TASK OBJECTIVE> The lines from the start of the records through the one containing "paintings nordic retro" are to be transcribed exactly, and nothing else.

DATA PROVIDED>
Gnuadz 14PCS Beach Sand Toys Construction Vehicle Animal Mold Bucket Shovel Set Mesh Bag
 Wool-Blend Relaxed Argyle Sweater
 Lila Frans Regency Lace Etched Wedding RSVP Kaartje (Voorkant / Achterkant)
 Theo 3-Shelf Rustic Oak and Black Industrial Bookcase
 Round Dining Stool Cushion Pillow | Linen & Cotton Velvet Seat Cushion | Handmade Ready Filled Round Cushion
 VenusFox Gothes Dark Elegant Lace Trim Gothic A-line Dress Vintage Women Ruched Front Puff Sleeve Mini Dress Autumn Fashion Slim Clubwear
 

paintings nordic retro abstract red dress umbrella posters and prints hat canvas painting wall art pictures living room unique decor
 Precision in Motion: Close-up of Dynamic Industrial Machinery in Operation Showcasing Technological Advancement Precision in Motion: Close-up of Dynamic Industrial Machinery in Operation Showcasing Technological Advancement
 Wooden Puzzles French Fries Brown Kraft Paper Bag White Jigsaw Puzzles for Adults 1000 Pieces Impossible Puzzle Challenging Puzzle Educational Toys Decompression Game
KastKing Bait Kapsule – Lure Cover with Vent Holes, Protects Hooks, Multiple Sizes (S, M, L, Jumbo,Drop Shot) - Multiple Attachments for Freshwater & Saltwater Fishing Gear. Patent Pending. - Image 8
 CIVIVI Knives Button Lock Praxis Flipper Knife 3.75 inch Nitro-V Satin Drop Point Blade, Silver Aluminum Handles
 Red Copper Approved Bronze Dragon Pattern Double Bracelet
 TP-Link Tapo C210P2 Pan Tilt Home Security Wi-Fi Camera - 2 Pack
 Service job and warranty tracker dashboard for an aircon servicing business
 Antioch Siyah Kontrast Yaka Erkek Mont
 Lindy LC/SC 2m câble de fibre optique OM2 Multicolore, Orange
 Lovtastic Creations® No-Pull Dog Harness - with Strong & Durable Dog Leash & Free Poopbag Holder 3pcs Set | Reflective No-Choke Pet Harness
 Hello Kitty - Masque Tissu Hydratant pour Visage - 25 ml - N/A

WORKED SOLUTION>
Gnuadz 14PCS Beach Sand Toys Construction Vehicle Animal Mold Bucket Shovel Set Mesh Bag
 Wool-Blend Relaxed Argyle Sweater
 Lila Frans Regency Lace Etched Wedding RSVP Kaartje (Voorkant / Achterkant)
 Theo 3-Shelf Rustic Oak and Black Industrial Bookcase
 Round Dining Stool Cushion Pillow | Linen & Cotton Velvet Seat Cushion | Handmade Ready Filled Round Cushion
 VenusFox Gothes Dark Elegant Lace Trim Gothic A-line Dress Vintage Women Ruched Front Puff Sleeve Mini Dress Autumn Fashion Slim Clubwear
 

paintings nordic retro abstract red dress umbrella posters and prints hat canvas painting wall art pictures living room unique decor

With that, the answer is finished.